Databasin (How to create Pipelines)
This guide will show how to create pipelines in databasin.
Creating pipeline
Field Definitions to pay attention to:
Pipeline Name - Name for pipeline
Source Connector - Dropdown to select source for pipeline. Refer how to create connector for more information.
Target Connector - Dropdown to select target connector for pipeline
Target Type - Target type choose between Datalake and Data Warehouse
Target Catalog Name - Target Catalog name if you want to put data into different Catalog. Default is cleansed.
Automatically Create Catalogs - Check if you want to create catalog if not exists.
Naming Convention - Choose short name or long name. Short name are same as source naming convention. Long Names are appended by schemaname.

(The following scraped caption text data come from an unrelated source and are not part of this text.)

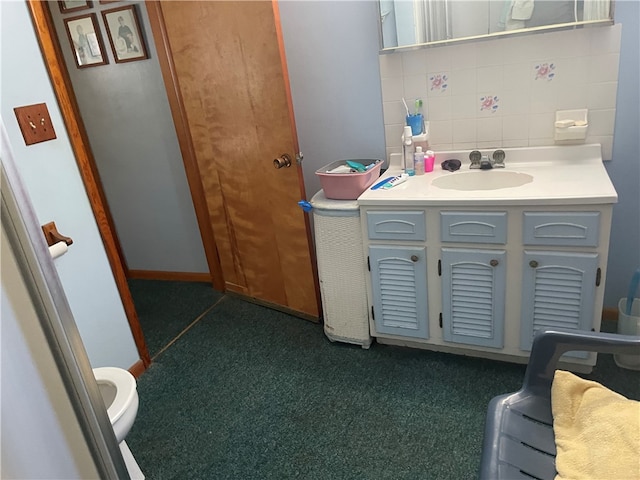 bathroom with decorative backsplash, vanity, and toilet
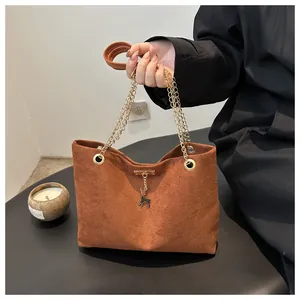 Close-up of brown suede tote bag featuring gold chain handle and deer charm detail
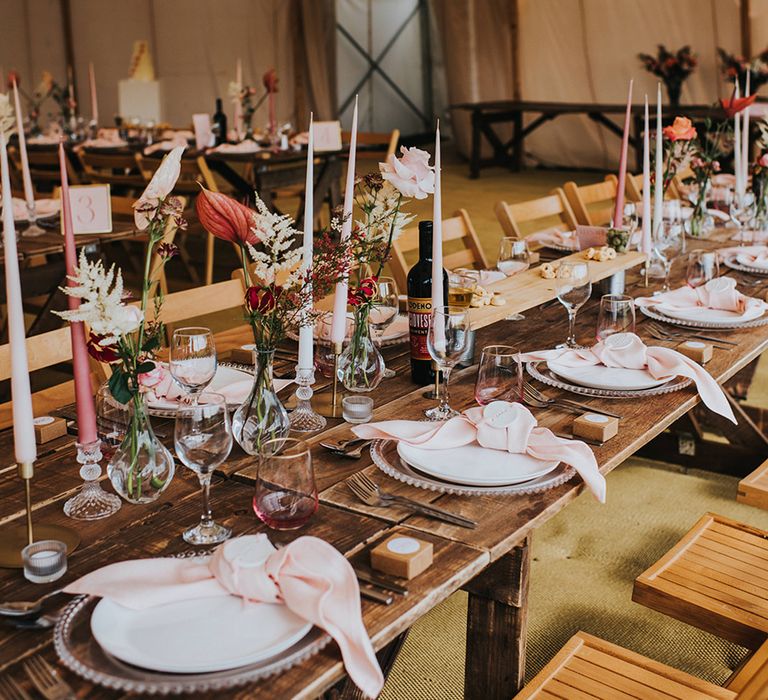 Pink wedding table setting with roses and anthuriums, taper candles, napkins and clay name places 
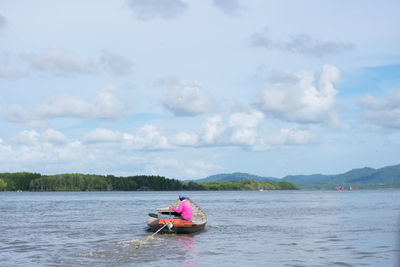 Fisherman fishing in river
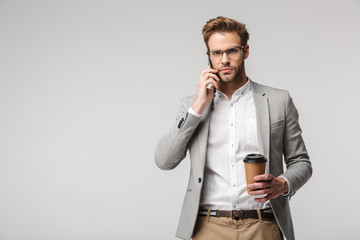 Canvas Print - Portrait of serious handsome man in eyeglasses talking on cellphone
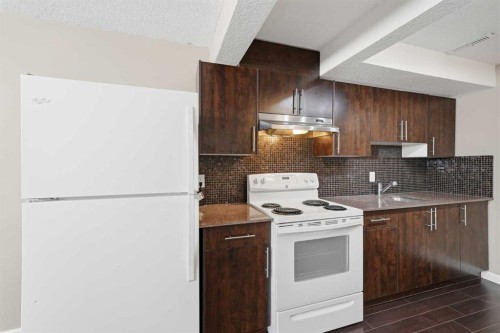 30 Falmere Way Ne, Calgary, AB - Indoor Photo Showing Kitchen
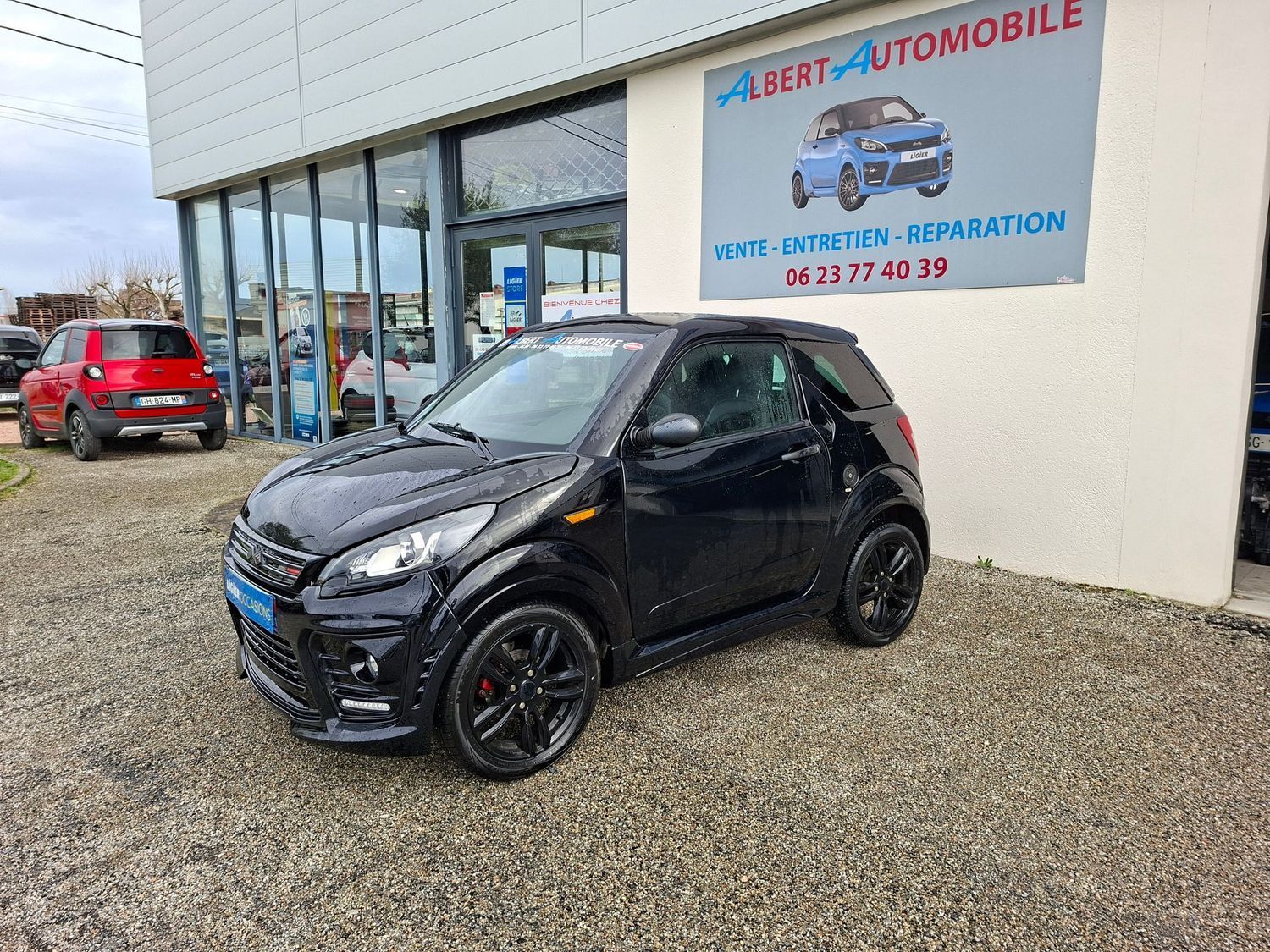 Voiture compacte garée devant un garage automobile avec une pancarte ALBERT AUTOMOBILE.
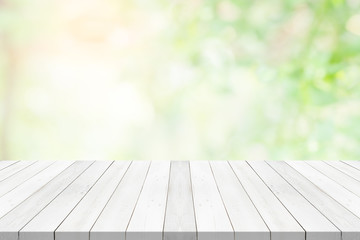 White table top on green blurred background,space for montage product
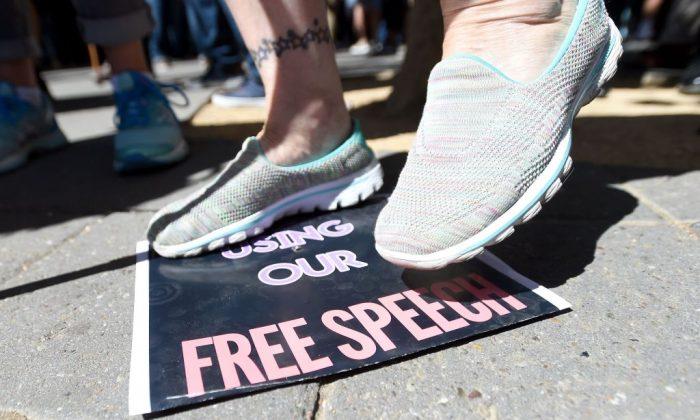 Một người phụ nữ dẫm lên tấm biểu ngữ về tự do ngôn luận tại Đại học California–Berkeley ở Berkeley, California, vào ngày 24/09/2017. (Ảnh: Josh Edelson/AFP/Getty Images)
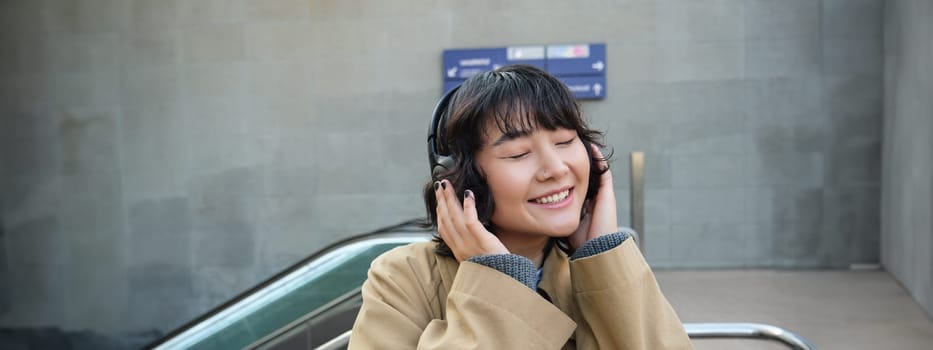 Portrait of happy woman, korean girl in headphones, listening music in headphones, enjoying sound of earphones, laughing and smiling.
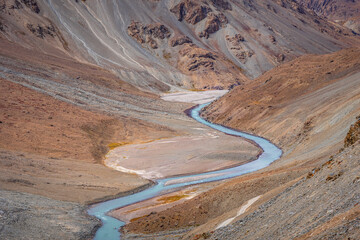 Meander is one of a series of regular sinuous curves in a river, produced by river as it erodes the...
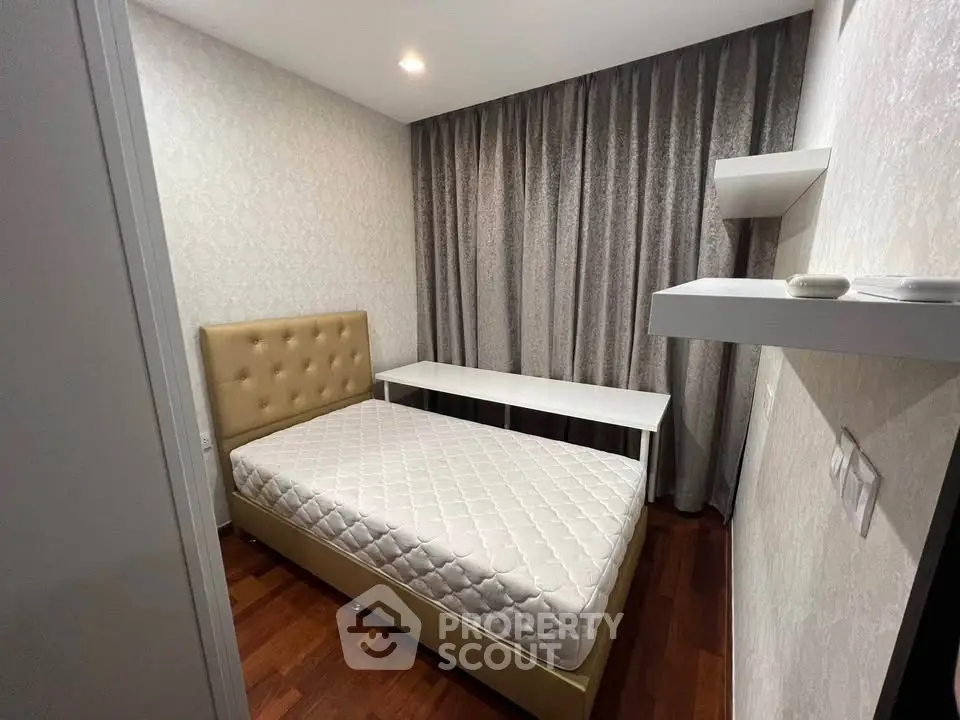 Cozy bedroom with elegant decor and wooden flooring, featuring a comfortable bed and stylish curtains.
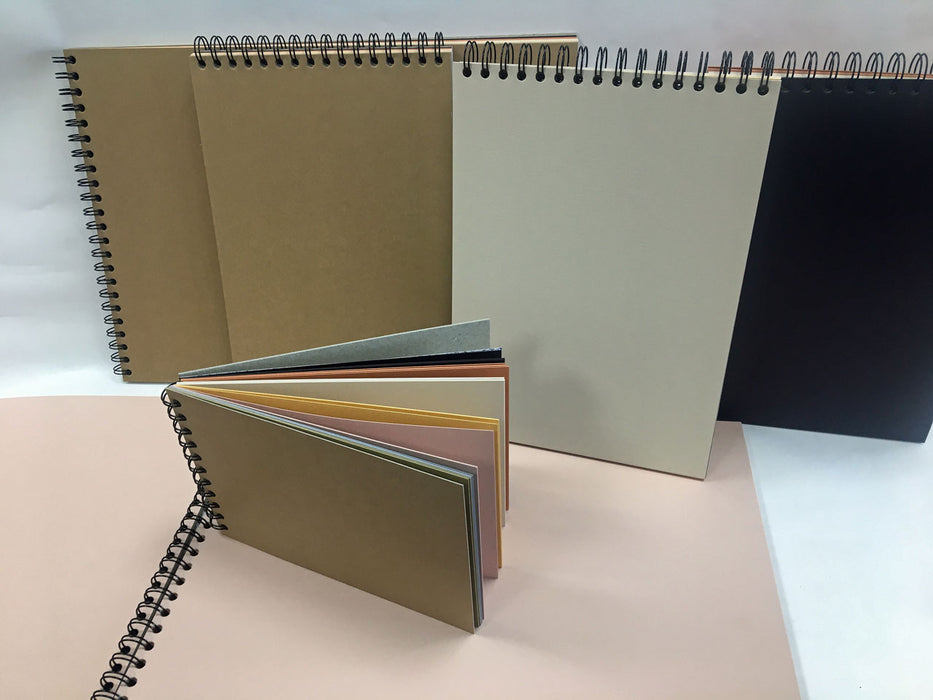 An array of Earthtone spiral sketchbooks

Move to next step. Next step is selecting catalog
Move to next step. Next step is selecting artifacts
Move to next step. Next step is selecting column
Move to next step. Next step is selecting Ingestion Options
Use pencil sign to edit if you want to make snapshot to delta or vice versa
Move to next step. Next step is Finalizing Options
Select schedule, alert and job cluster size
Job Cluster plays important role.
If you know your tables are big then use job cluster size
Following are parameters to select job cluster size
S (small) 8 core 32 Gb
M (Medium) 16 Core 64 Gb
L (Large) 32 Core 128 Gb
XL (Excel) 32 Core 128 Gb
Job Timeout
Job timeout is time azure will kill your job if ran over. So make sure to know how long it will take. Timeout will kill job and potential loss of logs and details.